Input Related Metrics

  • Financial Resources Dedicated to Innovation
    Good. Innovation requires a constant, moderate, financial commitment.
  • Resources Focused on Innovation
    Good. Innovation requires dedicated staffing commitments. It doesn’t happen without people, and expecting them to be innovative in that five minutes of unscheduled time they have a day isn’t going to cut it.
  • Ring-fenced resources for non-core innovation
    Really Good. Establish a small, core group whose sole focus is on long-term innovation and who are constantly evaluating new technologies, markets, and ways the company can bring significant game changing innovations to existing markets. Make sure this group never gets cut, even in bad times – when you need them most.
  • Senior Management Time Invested in New Growth Innovation
    OK. What’s really important is senior management support. Sometimes a manager just needs to stay out of the way, and, more importantly, keep the other managers out of the way of the innovators so that they can be free to innovate. After all, even if you’re smart enough to get it, when you consider that there are still those that will promote someone to his or her level of incompetence, sometimes the best thing you can do is run interference.
  • Number of Patents Filed
    Neutral, at best. Patents are useless unless you can afford to legally defend them, and if we’re talking a software or business process patent, just because some dumb clerk accepted the application, doesn’t mean the fundamentals of what was in the patent was actually patentable. After all, mathematics is not patentable, algorithms are fundamentally mathematical and logical operations, almost all software is built using languages and data structures that have been in the public domain since the beginning, and just about every process you can think of has been used by business for a long time. (Auctions go back 2000 years, for example.) Furthermore, it takes a lot of time, money, and resources to file and get a patent – resources which could be better spent on innovation. And, more importantly, if you don’t make the details public – it’s trade secret, and you can still sue for IP theft if you really want to be litigious.

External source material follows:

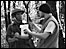 Ashley Wing (right) directing Between the Lines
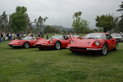 Los Angeles Concours d’Elegance 2006 Los Angeles Concours d’Elegance 2006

Process and Oversight Related Metrics

  • Process speed
    OK. Although an ideal innovation process moves quickly from conception to critical decision points (which could be a decision to kill it), not all do.
  • Breadth of idea-generation process
    Good. A good innovation generation process seeks ideas far and wide. It requires the meeting of the minds that can think broad and deep.
  • Innovation portfolio balances
    Good. Projects should range in length from short to long term, be at various development stages, vary in risk, target different domains, and so on. That way, you don’t have all your eggs in one basket and your chances of success are magnified.
  • Growth Gap
    Really Good. A company should understand the gaps between their strategic objectives and current innovation activities, because, if there is one, someone needs to get on the right track.
  • Distinct processes, tools, and metrics for different types of opportunities
    Really Good. There is no one-size fits all when it comes to innovation.

Output Related Metrics

  • Number of new products or services launched
    Good. This is a clear indication of success, but remember it’s not always the number of successes, but the magnitude. One single invention, the iPod, put Apple back on the map. A few big successes can be just as good as a dozen little ones.
  • Percent of revenues in core categories from new products
    OK. It’s nice when innovation helps the core business, but, as pointed out above, sometimes you need to change the core business.
  • Percent of profits from new customers
    Good. A decent percentage indicates that innovation is helping the business expand.
  • Percent of profits from new categories
    Really Good. A decent percentage indicates that innovation is working at your company.
  • Return on Innovation Investment
    Good. Demonstrates that innovation dollars are worthwhile!

The author concluded with a process for implementation, that made some good points. They were:

  1. Focus, Focus, Focus
    Figure out the metrics that are right for you.
  2. Remember Relativity
    It’s not how well you do on each metric, but how well you are doing overall, and in relation to your competition in particular. (Don’t forget the benchmarks!)
  3. Innovate the Metrics
    Understand that you might not get the metrics right the first time. Be prepared to adjust them as needed.
  4. Align up and down the chain
    The metrics should be aligned with the corporate metrics if at all possible. This paints a picture everyone can understand.

Again, not a bad article, especially considering the target audience.